- IATA: GBN ; ICAO: VVGB;

Summary
- Airport type: Security/Public
- Owner/Operator: Masterise Aviation Infrastructure
- Serves: Hanoi metropolitan area
- Location: Gia Bình, Bắc Ninh, Vietnam
- Occupants: Police Aviation Regiment
- Coordinates: 21°04′26″N 106°12′39″E﻿ / ﻿21.07389°N 106.21083°E

Map
- 2030 masterplan

Runways
| Direction | Length |  | Surface |
| ft | m |
| 07R/25L | 11,500 | 3,500 | Concrete |
| 06L/24R | 13,123 | 4,000 | Concrete |

= Gia Binh International Airport =

Future airport to serve Hanoi, Vietnam

Gia Binh International Airport (Cảng hàng không Quốc tế Gia Bình; ) is an international airport currently under construction in Gia Bình commune, Bắc Ninh, Vietnam, approximately 40 km to the east from the center of Hanoi.
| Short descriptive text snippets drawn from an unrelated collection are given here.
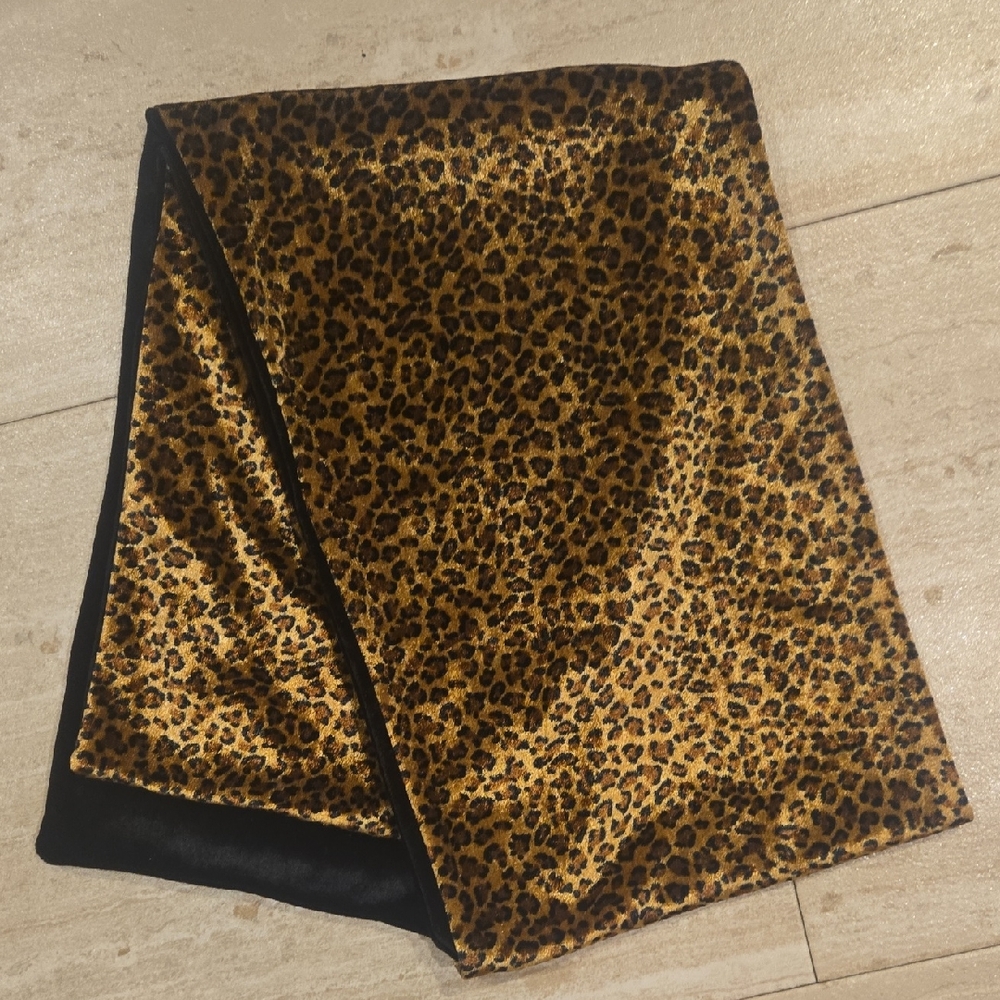 Leopard Print Velvety Reversible Scarf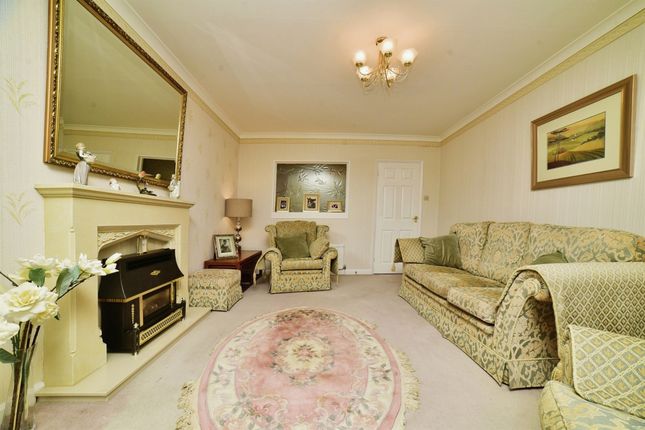 Thumbnail Semi-detached bungalow for sale in Ashgate Road, Willerby, Hull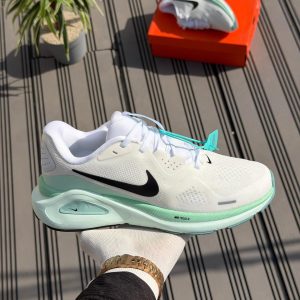 Nikes Structure 26 Mint Foam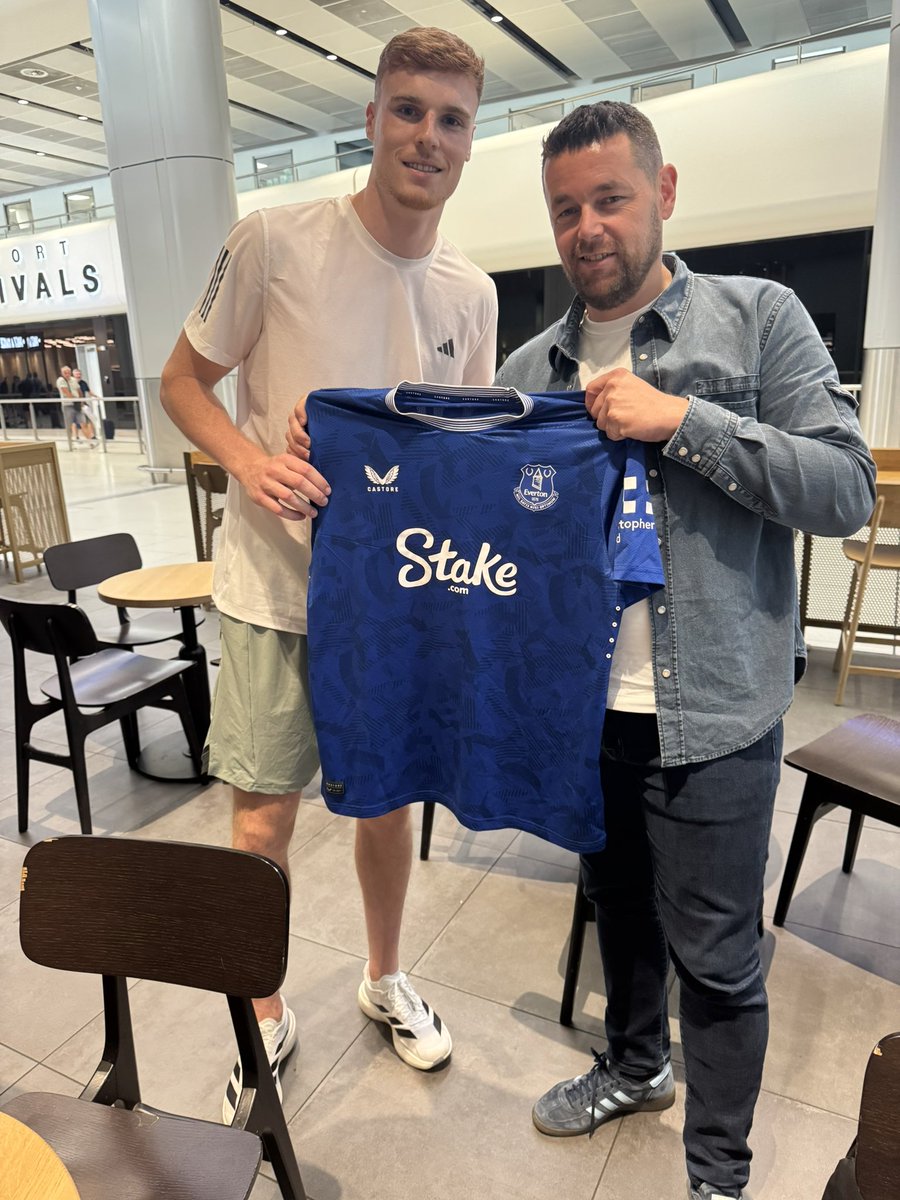 obrienjake_'s tweet image. Great seeing you today @Pierre__Sage 💙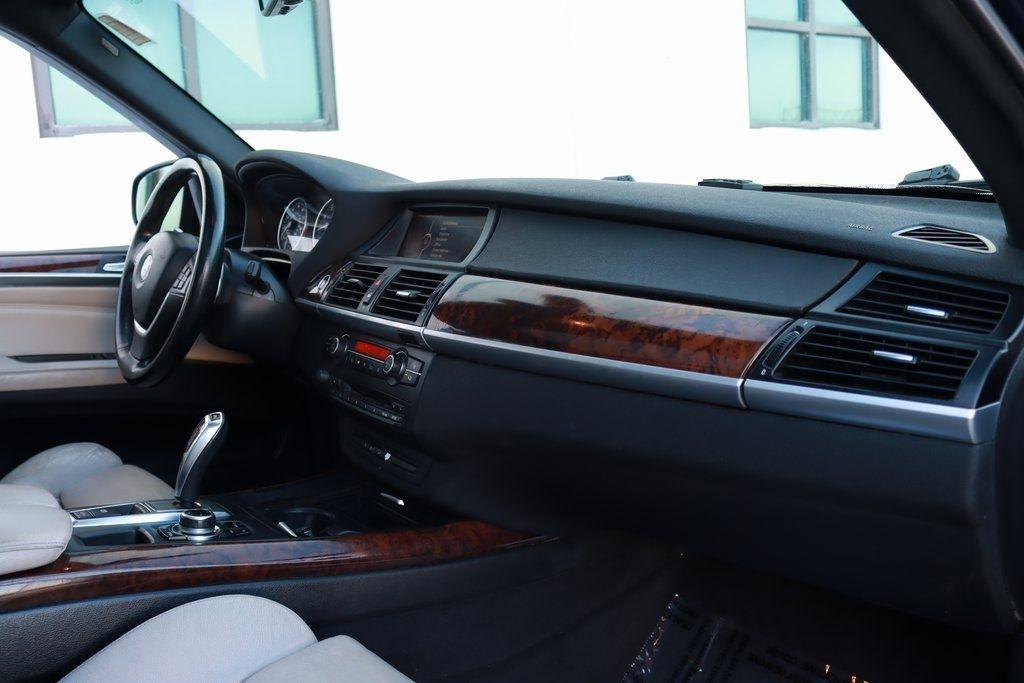 BMW X5  2013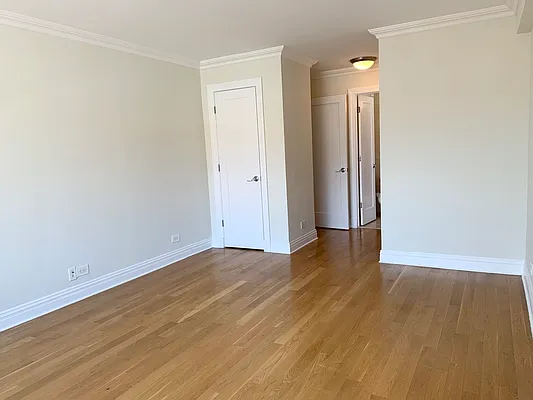 Rented by Stonehenge NYC LLC | media 8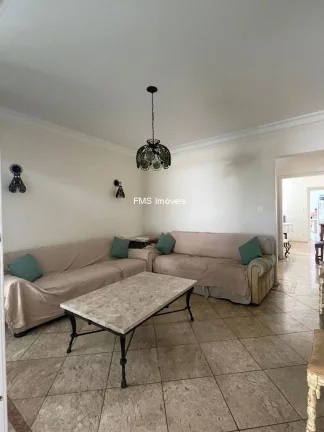 Imagem Imóvel de Luxo na Vila Mariana: Casa com 5 Quartos, 2 Suítes e 220m² em São Paulo-SP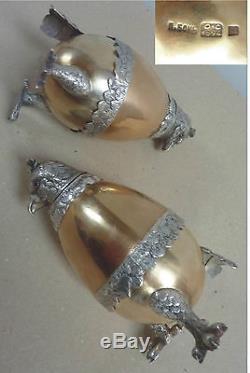 Two Russian Egg salt and pepper, solid silver 84,708 grams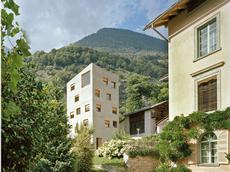 Gottfried Sempers einziges architektonisches Vermächtnis südlich der Alpen: die Villa Garbald in Castasegna, einem kleinen Dorf im bündnerischen Bergell, just an der Grenze zu Italien. Es wurde vor rund zehn Jahren saniert und mit einem modernen Annexbau ergänzt. (Bild: ETH Zürich)
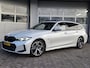 BMW 3-Serie Touring 320e, M-sport, Trekhaak, Panoramadak, Volleder! LED koplampen!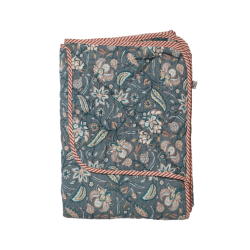Quilt t�ppe - Bl� blomst m. r�dstribet kant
It is designed to complement the existing Noi Bai International Airport which is in the north. The airport is originally planned by the Vietnam Ministry of Public Security and will serve as the operating base for the Police Aviation Regiment of the People's Public Security of Vietnam.

== History ==
Construction began on 10 December 2024.